The described influences on oak regeneration occur widely in California, but at Lopez Lake loss to gophers is an additional major problem. In a heavily infested site like Lopez Lake, this can mean nearly total destruction of unprotected seedlings, as was observed in the 1989 planting of nursery stock. Considering the investment such plantings represent and the effect gophers can have on restoration efforts, underground screen protection may be a necessity in many plantings. Without this protection, control of or protection from other small mammals and control of weed competition may be of little value.
Oxidation of buried aluminum screen is slow. When the seedlings protected from gophers in the 1989 planting are larger, probably in two more years, some will be sacrificed to assess the possible impact of screens on root development. However, any modification or impairment of growth that may be observed is not expected to outweigh the value of the screens.
In plantings where only aboveground screens protected half the seedlings, the differences in loss between protected and unprotected plants may have been an indication of particular plant characteristics. Protected seedlings may have been more attractive to gophers because they were healthier than unprotected seedlings, but this is speculation.
At Lopez Lake, gopher populations have been variable both in time and space. Nearby oak plantings initiated before those discussed here have suffered less from gopher predation. Initial control efforts using poison bait and targeting a relatively small population permitted most seedlings that survived other environmental effects to outgrow susceptibility to attack.
The gopher problem as it has developed at Lopez Lake represents a situation that exists or has the potential to develop elsewhere. In Madera County, blue oak seedlings growing weed-free with supplemental summer irrigation have been attacked by gophers. In this situation, the water applications can be presumed to have attracted the rodents by improving burrowing conditions.
In all of our work, the concentration of plant material, acorns, and nursery stock in geometric patterns may have contributed to attack; some animals can identify planting patterns and thus learn where to search for planted material as food.

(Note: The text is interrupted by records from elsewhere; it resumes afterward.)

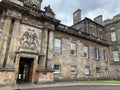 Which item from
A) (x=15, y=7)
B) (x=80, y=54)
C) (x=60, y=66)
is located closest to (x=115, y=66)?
(x=80, y=54)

Restocking programs that approximate natural distributions of oak should be less vulnerable to detrimental insects and small mammals whose populations often fluctuate in time and space.
Weed competition and rodent damage often are linked. In our studies, the use of deer-proof exclosures and the consequent elimination of livestock grazing allowed uncontrolled herbaceous growth in areas where no weed control was practiced. The habitat thus created encouraged development of populations of meadow voles (Microtus spp.) that, at some sites, seriously threaten oak seedling survival. Qualitative observations suggest not only that control of herbaceous growth discourages the voles, but that over time it also may help control pocket gopher populations by limiting potential food resources over relatively large areas.